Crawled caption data

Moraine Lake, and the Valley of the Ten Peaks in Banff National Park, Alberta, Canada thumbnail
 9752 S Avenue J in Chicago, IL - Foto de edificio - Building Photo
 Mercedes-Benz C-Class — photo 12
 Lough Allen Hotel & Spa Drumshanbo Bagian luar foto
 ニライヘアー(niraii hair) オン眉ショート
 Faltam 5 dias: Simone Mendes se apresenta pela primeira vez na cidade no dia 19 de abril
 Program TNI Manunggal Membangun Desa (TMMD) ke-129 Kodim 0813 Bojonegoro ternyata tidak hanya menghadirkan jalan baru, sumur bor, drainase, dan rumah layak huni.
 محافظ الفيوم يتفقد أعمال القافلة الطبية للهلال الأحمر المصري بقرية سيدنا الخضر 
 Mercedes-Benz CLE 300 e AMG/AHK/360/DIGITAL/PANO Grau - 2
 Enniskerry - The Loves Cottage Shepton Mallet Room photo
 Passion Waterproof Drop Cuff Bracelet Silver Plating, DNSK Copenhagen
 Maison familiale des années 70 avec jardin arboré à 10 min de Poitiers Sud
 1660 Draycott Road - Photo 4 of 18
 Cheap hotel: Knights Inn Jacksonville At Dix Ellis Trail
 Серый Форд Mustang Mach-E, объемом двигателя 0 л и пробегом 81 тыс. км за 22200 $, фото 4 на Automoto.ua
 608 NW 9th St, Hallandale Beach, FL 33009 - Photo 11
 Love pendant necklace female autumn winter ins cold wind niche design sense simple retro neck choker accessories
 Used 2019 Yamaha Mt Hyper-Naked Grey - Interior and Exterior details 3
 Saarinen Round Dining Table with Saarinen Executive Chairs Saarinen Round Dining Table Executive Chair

Work required:
From the records above, quote only the lines running from the line with "9752 S Avenue" to the line with "Enniskerry - The", both lines included.

Result:
 9752 S Avenue J in Chicago, IL - Foto de edificio - Building Photo
 Mercedes-Benz C-Class — photo 12
 Lough Allen Hotel & Spa Drumshanbo Bagian luar foto
 ニライヘアー(niraii hair) オン眉ショート
 Faltam 5 dias: Simone Mendes se apresenta pela primeira vez na cidade no dia 19 de abril
 Program TNI Manunggal Membangun Desa (TMMD) ke-129 Kodim 0813 Bojonegoro ternyata tidak hanya menghadirkan jalan baru, sumur bor, drainase, dan rumah layak huni.
 محافظ الفيوم يتفقد أعمال القافلة الطبية للهلال الأحمر المصري بقرية سيدنا الخضر 
 Mercedes-Benz CLE 300 e AMG/AHK/360/DIGITAL/PANO Grau - 2
 Enniskerry - The Loves Cottage Shepton Mallet Room photo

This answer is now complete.